A small group of engineers stood tensely beside the runway on Thursday at Hindustan Aeronautics Ltd, Bangalore, peering at the sky. As two approaching dots rapidly enlarged into the menacing delta-wing shapes of the Tejas Light Combat Aircraft, an animated murmur arose. Test pilot, Wing Commander Suneet Krishna was bringing in a brand new Tejas fighter from its inaugural test flight.
Krishna descended steeply, a parachute flowering as his aircraft touched down; a split second behind him, the chase aircraft, another Tejas flown by Group Captain R R Tyagi, “peeled off” into the sky with a roar. That was the “chase aircraft”, which had watched and photographed every moment of Krishna’s flight. In those 40 minutes, both fighters had climbed to 36,000 feet; broken the sound barrier; turned and twisted sharply; and checked several parameters as part of the Tejas flight test programme.
The fighters taxied into where the ground crew was assembled and clapping broke out, as Krishna climbed out flashing a thumbs-up. A bucket of water was ceremonially dumped over his head (the Tejas budget does not run to champagne), several bouquets handed over, and kaju barfi stuffed into his mouth. The fourth Limited Series Production Tejas (LSP-4) was ready to join the flight test programme.
Each LSP Tejas contains more systems and is more complex than its predecessors. LSP-3, which first flew on 23rd April, was the first Tejas with a multi-mode radar (MMR); and with electronic systems to differentiate friendly from hostile aircraft. LSP-4 has all that and also flare and chaff dispensers to confuse enemy radars and missiles: a Counter Measure Dispensing System.
With the Initial Operational Clearance (IOC) of the Tejas due this year, the flight test programme desperately needs every aircraft it can build. The testing, which requires thousands of individual flight checks, proceeds only as fast as the number of aircraft available for the testing. The Aeronautical Development Agency (ADA), which oversees the Tejas programme, has faced sharp criticism from the Indian Air Force for producing successive LSP aircraft too slowly, thereby protracting the testing and delaying the IOC. LSP-4 will be only the eighth Tejas in the flight test programme, which has done 1,300 sorties, amounting to more than 700 hours of flying.
HAL admits that LSP-3 was overdue by a year, but points out that LSP-4 has followed in just over a month. “I am pushing for LSP-5 to fly by June-end,” says D Balasunder, the managing director of HAL’s Bangalore Complex. “It will have all the systems fitted in LSP-4, and will additionally have night lighting within the cockpit, and an auto-pilot.”

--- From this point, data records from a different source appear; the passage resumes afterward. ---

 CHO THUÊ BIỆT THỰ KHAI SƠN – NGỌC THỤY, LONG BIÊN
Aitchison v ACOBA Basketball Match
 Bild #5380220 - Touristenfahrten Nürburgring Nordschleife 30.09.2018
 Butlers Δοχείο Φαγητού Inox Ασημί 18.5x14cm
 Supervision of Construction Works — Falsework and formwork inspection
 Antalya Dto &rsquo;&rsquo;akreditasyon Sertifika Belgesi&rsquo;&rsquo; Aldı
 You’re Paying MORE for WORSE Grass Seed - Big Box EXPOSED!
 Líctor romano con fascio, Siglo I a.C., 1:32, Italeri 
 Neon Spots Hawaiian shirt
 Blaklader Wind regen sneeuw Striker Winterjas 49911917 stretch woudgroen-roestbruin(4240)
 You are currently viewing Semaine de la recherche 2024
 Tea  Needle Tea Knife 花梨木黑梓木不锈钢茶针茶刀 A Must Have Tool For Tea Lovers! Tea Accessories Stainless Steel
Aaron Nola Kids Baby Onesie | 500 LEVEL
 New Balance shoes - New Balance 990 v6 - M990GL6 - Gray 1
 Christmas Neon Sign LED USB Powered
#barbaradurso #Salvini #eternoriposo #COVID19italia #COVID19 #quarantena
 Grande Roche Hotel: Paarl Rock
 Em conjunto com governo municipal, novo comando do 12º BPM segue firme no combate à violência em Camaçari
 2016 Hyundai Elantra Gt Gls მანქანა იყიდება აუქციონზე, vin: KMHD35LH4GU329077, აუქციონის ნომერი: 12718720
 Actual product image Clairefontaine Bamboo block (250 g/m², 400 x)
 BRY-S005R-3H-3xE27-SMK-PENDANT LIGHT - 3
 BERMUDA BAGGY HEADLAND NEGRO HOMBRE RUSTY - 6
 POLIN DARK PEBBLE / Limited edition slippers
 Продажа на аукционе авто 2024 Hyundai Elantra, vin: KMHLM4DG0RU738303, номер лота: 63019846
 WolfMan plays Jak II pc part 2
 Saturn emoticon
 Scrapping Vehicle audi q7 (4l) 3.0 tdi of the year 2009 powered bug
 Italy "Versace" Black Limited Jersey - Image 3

From the runway, technicians move off to the hangars with the newly-inaugurated LSP-4 to ready it for a gruelling regime of hot weather trials. This weekend, LSP-3 and LSP-4 will leave for Nagpur, where, day after day, they will bake in the sun for hours before hurling themselves into the sky to test whether their sophisticated electronics can withstand the Indian summer.
The ADA plans to build LSP-6 and LSP-7 quickly and then hand those two Tejas fighters to the IAF. At its base in Sulur, near Coimbatore, the IAF will operate the aircraft to provide feedback about improvements that are needed to make the Tejas easier to maintain in combat. ADA sources plan to make easy maintainability a key feature of the Tejas Mark- II, the next, improved, version of the Indian fighter.
“The Tejas Mark I is already as good or better as the light fighters in the IAF,” declares ADA chief, PS Subramaniam, referring to the MiG-21 BISON. “The air force should order at least 60 of them.”
But, the IAF is less exuberant. Senior air marshals point out to Business Standard that, if they grant the Tejas IOC at the end of 2010, it will be in the long-term interest of the fighter programme, not because the Tejas has met all its targets. The Tejas does not fly as fast as originally planned; its acceleration is significantly less; and the Tejas has not been tested yet in carrying much of the weaponry it is designed to.